START Supplied data

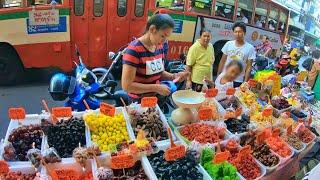 Thailand Street Food at Pra Pha Daeng Market near Bangkok - Hungry Bear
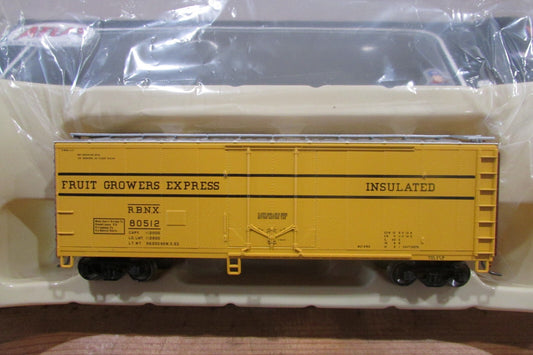HO Scale Atlas TrainmaI 20-001-621 40' Plug Door Box Car   A4911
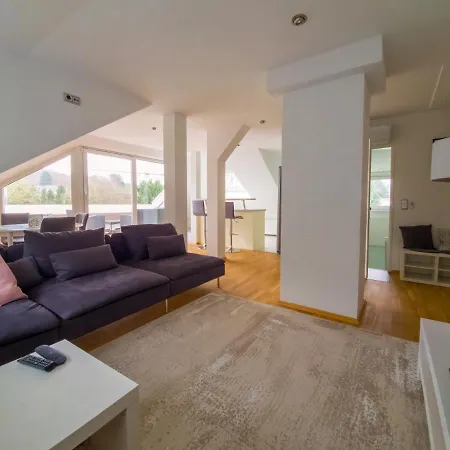 Mit Einer Sauna Direkt Am Park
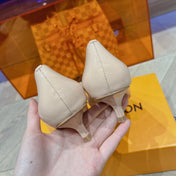 LV SINGLE LOW HEEL PUMP BIEGE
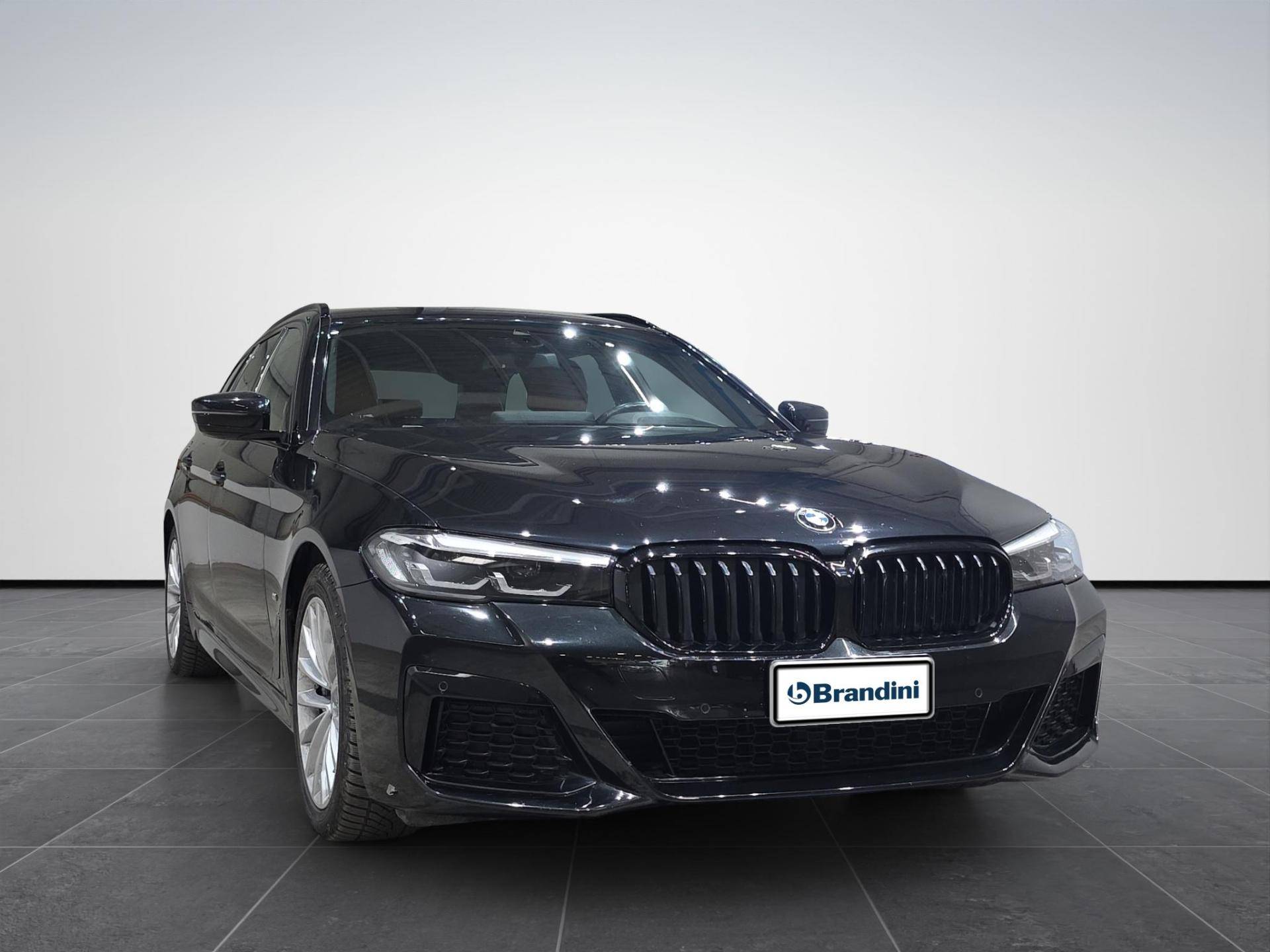BMW Serie 5 Touring 520d Touring mhev 48V xdrive Msport auto usata in pronta consegna - Brandini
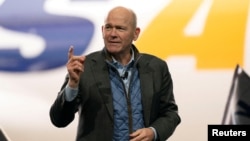 CEO Dave Calhoun akan resmi meninggalkan Boeing akhir tahun ini (foto: dok). 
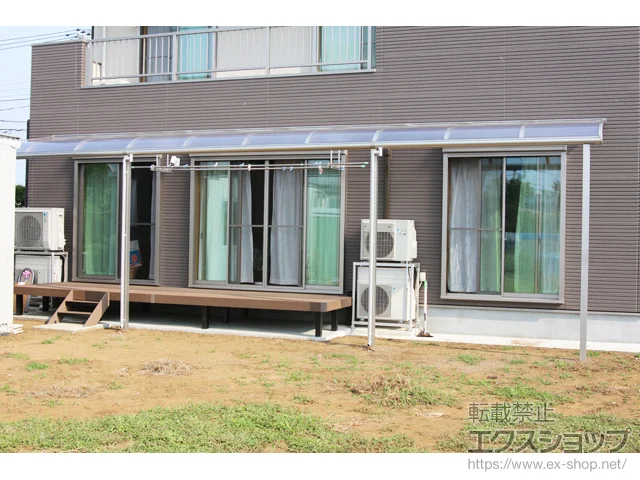 静岡県三島市のYKKAPのテラス屋根 ヴェクターテラス R型 テラスタイプ 3連棟 積雪～20cm対応 施工例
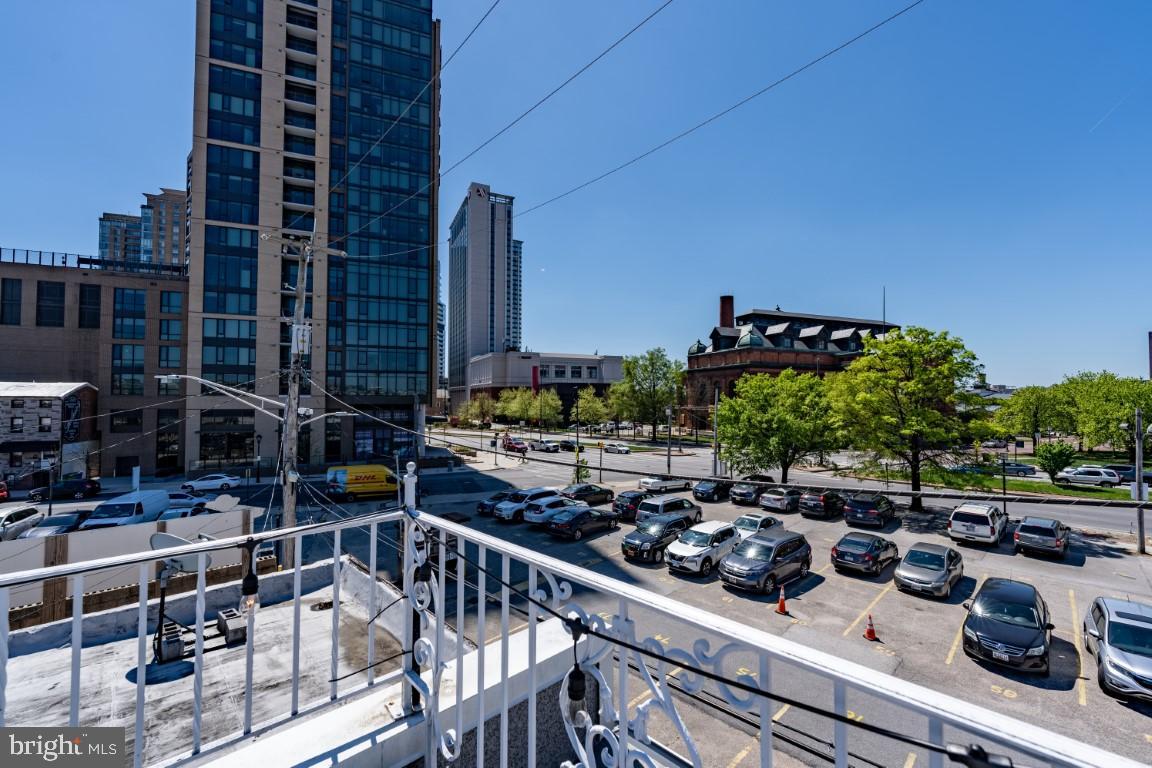 LITTLE ITALY - Residential Lease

END Supplied data

*Directions*
No pictures should appear; only the lines from the first line of the records through the line with "BMW Serie 5", both included, are to be restated word for word.

*Written reply*
 Thailand Street Food at Pra Pha Daeng Market near Bangkok - Hungry Bear
HO Scale Atlas TrainmaI 20-001-621 40' Plug Door Box Car   A4911
 Mit Einer Sauna Direkt Am Park
 LV SINGLE LOW HEEL PUMP BIEGE
BMW Serie 5 Touring 520d Touring mhev 48V xdrive Msport auto usata in pronta consegna - Brandini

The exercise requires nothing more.